▶ **Problem**: Your task is to copy the stretch of lines in the records below that begins with the line containing "Business and health" and ends with the line containing "Bubble Gum Pink", exactly as written, with nothing added.
*** Task material Section Begins ***
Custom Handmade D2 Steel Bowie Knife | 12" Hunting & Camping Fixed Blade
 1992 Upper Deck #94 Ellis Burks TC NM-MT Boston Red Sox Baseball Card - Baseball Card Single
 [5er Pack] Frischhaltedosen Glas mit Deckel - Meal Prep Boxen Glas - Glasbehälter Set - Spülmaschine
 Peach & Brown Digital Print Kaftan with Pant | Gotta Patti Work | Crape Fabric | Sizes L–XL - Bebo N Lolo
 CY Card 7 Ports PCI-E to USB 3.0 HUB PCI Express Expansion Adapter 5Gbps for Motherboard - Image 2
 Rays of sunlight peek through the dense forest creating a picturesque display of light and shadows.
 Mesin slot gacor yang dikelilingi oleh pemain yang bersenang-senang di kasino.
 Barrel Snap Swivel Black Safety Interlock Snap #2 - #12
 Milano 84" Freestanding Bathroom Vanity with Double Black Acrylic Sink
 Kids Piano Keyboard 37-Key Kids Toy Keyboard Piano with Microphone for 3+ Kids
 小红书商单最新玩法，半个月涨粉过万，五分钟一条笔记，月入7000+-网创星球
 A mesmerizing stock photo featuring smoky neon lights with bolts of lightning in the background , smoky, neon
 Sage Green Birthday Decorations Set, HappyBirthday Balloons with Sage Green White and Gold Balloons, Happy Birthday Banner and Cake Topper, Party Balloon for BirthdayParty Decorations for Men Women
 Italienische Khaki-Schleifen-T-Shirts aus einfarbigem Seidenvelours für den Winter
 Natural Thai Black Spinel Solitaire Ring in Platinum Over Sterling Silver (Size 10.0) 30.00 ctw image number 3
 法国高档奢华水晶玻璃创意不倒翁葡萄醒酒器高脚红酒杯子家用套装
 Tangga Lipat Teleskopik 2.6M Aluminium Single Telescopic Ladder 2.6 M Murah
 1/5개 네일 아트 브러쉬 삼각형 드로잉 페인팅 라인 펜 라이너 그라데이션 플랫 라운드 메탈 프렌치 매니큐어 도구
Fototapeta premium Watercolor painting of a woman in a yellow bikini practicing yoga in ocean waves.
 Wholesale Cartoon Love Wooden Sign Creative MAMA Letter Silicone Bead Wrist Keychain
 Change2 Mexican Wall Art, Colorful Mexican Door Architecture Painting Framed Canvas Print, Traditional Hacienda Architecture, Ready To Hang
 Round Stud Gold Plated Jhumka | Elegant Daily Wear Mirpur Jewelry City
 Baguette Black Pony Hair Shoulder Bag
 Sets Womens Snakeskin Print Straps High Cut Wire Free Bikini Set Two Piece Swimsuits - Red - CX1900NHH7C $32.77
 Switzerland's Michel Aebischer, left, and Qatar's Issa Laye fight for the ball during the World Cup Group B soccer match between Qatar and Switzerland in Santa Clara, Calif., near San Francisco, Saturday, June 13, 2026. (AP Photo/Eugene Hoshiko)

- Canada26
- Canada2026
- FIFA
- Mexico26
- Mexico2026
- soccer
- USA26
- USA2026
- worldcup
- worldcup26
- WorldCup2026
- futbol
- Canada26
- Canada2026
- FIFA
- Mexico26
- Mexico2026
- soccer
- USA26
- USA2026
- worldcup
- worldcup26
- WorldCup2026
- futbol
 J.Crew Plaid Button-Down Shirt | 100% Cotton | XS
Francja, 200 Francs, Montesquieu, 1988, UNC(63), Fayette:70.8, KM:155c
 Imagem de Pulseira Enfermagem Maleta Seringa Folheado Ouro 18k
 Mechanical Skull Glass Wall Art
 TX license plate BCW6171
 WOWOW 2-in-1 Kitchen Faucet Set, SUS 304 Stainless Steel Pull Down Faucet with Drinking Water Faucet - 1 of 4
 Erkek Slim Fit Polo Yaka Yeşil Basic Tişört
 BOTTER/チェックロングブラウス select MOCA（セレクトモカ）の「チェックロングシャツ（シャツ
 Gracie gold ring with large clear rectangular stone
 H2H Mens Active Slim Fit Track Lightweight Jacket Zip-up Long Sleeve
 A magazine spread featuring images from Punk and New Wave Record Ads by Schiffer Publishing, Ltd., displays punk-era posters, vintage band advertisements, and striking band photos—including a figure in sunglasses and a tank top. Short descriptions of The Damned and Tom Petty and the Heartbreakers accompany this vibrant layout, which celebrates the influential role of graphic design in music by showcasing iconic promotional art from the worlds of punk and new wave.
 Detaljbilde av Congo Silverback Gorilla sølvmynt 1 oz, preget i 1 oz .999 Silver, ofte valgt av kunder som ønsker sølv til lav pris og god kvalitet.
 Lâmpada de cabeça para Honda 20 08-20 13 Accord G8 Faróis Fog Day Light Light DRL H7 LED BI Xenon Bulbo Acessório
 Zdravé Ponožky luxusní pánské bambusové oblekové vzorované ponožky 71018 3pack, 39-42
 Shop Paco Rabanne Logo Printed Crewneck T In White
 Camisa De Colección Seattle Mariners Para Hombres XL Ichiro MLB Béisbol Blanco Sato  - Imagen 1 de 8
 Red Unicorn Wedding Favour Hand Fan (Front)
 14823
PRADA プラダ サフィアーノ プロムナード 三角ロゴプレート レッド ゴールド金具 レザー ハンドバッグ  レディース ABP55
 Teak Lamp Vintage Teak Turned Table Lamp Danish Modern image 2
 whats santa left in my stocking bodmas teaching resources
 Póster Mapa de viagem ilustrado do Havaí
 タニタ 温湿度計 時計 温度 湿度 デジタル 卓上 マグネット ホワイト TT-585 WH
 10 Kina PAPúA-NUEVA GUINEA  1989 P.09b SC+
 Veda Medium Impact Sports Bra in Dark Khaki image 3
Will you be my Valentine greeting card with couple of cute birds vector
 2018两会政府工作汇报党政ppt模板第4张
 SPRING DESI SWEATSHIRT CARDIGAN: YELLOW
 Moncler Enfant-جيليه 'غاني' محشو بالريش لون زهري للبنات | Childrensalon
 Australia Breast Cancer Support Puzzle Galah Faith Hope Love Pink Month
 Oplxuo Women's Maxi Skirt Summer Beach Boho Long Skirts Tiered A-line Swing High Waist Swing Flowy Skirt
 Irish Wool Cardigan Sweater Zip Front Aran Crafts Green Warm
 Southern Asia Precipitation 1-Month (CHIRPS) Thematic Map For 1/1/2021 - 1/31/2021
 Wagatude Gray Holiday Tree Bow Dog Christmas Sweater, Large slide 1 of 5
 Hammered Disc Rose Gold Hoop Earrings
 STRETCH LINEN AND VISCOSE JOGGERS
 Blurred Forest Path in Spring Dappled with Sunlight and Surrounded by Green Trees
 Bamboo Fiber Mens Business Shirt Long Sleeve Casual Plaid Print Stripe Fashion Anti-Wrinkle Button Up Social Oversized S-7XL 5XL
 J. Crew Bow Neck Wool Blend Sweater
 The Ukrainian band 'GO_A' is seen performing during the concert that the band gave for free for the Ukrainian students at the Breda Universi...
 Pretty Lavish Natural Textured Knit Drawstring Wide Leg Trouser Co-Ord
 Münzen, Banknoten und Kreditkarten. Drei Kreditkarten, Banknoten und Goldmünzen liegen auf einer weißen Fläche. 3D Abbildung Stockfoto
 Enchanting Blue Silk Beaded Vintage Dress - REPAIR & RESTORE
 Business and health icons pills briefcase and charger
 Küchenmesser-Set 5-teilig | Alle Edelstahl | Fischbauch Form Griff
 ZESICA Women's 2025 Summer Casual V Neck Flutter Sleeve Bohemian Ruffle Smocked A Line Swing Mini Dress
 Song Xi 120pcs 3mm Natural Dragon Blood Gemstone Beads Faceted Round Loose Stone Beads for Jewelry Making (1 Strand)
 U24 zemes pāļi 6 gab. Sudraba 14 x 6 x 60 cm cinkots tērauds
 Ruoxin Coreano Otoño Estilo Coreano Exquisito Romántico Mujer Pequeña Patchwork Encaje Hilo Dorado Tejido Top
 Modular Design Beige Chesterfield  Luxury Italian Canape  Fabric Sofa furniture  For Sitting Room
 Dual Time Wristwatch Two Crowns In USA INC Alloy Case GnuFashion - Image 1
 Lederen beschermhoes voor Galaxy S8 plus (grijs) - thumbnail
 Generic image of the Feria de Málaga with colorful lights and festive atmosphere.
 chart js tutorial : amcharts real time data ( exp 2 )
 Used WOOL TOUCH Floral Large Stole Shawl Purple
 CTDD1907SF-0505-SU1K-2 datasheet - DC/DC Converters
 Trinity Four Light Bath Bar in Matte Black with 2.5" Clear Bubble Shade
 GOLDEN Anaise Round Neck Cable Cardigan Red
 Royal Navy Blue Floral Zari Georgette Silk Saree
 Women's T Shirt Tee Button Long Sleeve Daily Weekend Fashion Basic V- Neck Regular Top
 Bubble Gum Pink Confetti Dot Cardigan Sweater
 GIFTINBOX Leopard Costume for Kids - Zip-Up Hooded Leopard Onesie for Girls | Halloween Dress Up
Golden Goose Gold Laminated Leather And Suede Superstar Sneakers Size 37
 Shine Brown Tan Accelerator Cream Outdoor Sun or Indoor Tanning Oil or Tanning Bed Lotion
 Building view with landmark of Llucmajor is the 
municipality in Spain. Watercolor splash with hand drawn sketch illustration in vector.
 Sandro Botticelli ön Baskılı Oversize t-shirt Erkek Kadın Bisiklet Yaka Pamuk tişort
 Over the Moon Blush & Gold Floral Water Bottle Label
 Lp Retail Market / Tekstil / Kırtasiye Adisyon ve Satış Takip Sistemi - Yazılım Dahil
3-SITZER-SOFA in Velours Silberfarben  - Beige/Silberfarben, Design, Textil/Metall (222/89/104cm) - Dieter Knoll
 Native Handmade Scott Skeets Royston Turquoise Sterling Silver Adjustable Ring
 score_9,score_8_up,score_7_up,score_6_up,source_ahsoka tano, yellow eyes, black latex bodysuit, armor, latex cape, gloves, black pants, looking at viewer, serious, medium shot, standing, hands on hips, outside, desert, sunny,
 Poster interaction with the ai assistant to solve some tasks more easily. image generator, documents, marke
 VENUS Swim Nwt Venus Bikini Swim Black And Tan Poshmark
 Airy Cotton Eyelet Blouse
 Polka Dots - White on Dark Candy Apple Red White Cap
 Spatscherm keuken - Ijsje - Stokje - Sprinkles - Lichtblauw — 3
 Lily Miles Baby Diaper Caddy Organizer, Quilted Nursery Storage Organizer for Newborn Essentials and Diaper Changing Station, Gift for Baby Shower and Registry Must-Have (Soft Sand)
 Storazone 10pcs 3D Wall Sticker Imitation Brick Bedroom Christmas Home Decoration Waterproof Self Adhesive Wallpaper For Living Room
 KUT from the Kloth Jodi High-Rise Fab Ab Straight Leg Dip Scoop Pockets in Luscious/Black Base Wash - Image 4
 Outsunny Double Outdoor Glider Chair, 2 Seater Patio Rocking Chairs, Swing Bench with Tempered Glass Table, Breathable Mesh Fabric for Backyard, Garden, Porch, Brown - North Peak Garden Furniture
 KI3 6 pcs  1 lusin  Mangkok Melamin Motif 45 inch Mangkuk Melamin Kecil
*** Task material Section Ends ***
▶ **Your response**:
 Business and health icons pills briefcase and charger
 Küchenmesser-Set 5-teilig | Alle Edelstahl | Fischbauch Form Griff
 ZESICA Women's 2025 Summer Casual V Neck Flutter Sleeve Bohemian Ruffle Smocked A Line Swing Mini Dress
 Song Xi 120pcs 3mm Natural Dragon Blood Gemstone Beads Faceted Round Loose Stone Beads for Jewelry Making (1 Strand)
 U24 zemes pāļi 6 gab. Sudraba 14 x 6 x 60 cm cinkots tērauds
 Ruoxin Coreano Otoño Estilo Coreano Exquisito Romántico Mujer Pequeña Patchwork Encaje Hilo Dorado Tejido Top
 Modular Design Beige Chesterfield  Luxury Italian Canape  Fabric Sofa furniture  For Sitting Room
 Dual Time Wristwatch Two Crowns In USA INC Alloy Case GnuFashion - Image 1
 Lederen beschermhoes voor Galaxy S8 plus (grijs) - thumbnail
 Generic image of the Feria de Málaga with colorful lights and festive atmosphere.
 chart js tutorial : amcharts real time data ( exp 2 )
 Used WOOL TOUCH Floral Large Stole Shawl Purple
 CTDD1907SF-0505-SU1K-2 datasheet - DC/DC Converters
 Trinity Four Light Bath Bar in Matte Black with 2.5" Clear Bubble Shade
 GOLDEN Anaise Round Neck Cable Cardigan Red
 Royal Navy Blue Floral Zari Georgette Silk Saree
 Women's T Shirt Tee Button Long Sleeve Daily Weekend Fashion Basic V- Neck Regular Top
 Bubble Gum Pink Confetti Dot Cardigan Sweater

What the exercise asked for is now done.